TASK INSTRUCTIONS
Of all the lines in the entries below, give again exactly those starting at the line containing "Polisher Digital Ø180mm" and ending at the line containing "chinese high quality", both ends included, and no others.
== STORED DATA
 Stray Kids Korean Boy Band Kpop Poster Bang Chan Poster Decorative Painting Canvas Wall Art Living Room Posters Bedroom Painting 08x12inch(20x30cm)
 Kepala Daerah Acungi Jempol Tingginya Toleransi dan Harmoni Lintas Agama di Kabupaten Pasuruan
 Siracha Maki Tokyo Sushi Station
====
== STORED DATA
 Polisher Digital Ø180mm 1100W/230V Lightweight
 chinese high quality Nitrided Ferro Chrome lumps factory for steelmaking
====
ANSWER TO THIS EXERCISE
 Polisher Digital Ø180mm 1100W/230V Lightweight
 chinese high quality Nitrided Ferro Chrome lumps factory for steelmaking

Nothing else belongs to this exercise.